Hill quoted a tweet that listed some of the Cowboys’ advertisers—including AT&T, Bank of America, MillerCoors, and PepsiCo—and added that “change happens when advertisers are impacted.”
She later clarified that she was “not advocating an NFL boycott.” As noted above by Sports Business Journal reporter John Ourand, some Cowboys sponsors are also advertisers on ESPN platforms. ESPN would not say whether Hill’s suspension will be with pay.
The suspension comes less than a month after Hill called President Donald Trump a “white supremacist” on Twitter. Hill apologized for how those comments affected the network and her colleagues but stood by them, and White House press secretary Sarah Huckabee Sanders called them “a fireable offense.”

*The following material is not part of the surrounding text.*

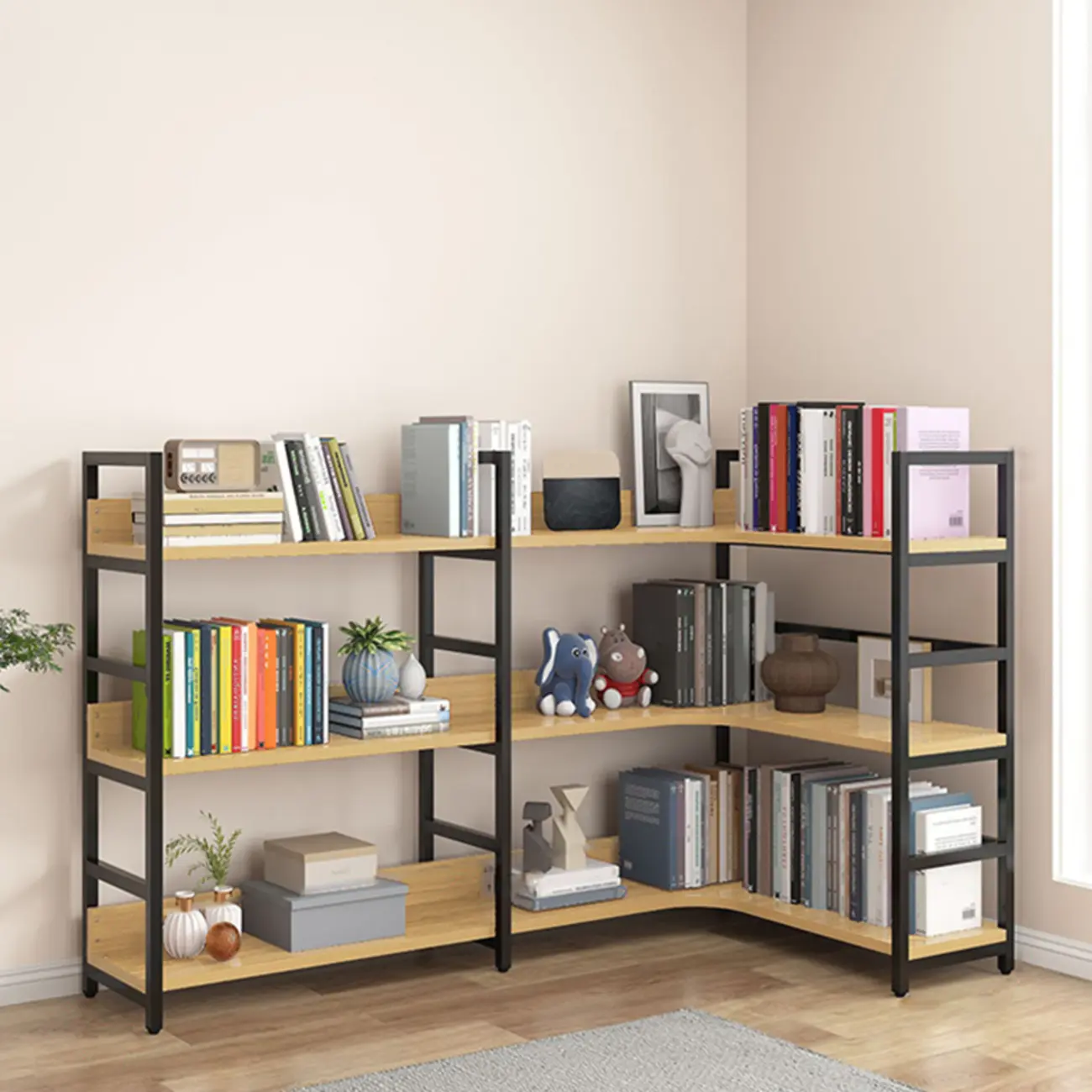 6-Tier Wood and Steel Corner Display Bookshelf Image - 40 | homeyfad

Hill’s suspension represents the latest chapter in the entanglement of sports and politics that has defined this NFL season. As The Ringer’s Bryan Curtis noted last month in his profile of Hill, ESPN has been “pulled … into a political vortex” that often sees someone like Hill—who is vocal about her political opinions on social media, even if those same thoughts aren’t always reflected on SC6, the show she cohosts with Michael Smith—as the focal point of the left/right media debate.
It’s worth noting the timing of Hill’s suspension. Hill hadn’t stopped tweeting about Trump, protests, or politics since she was reprimanded by ESPN in September, and it was apparently her suggestion to boycott some sponsors that also advertise on ESPN, not Hill’s normal political commentary, which drove the company to take action.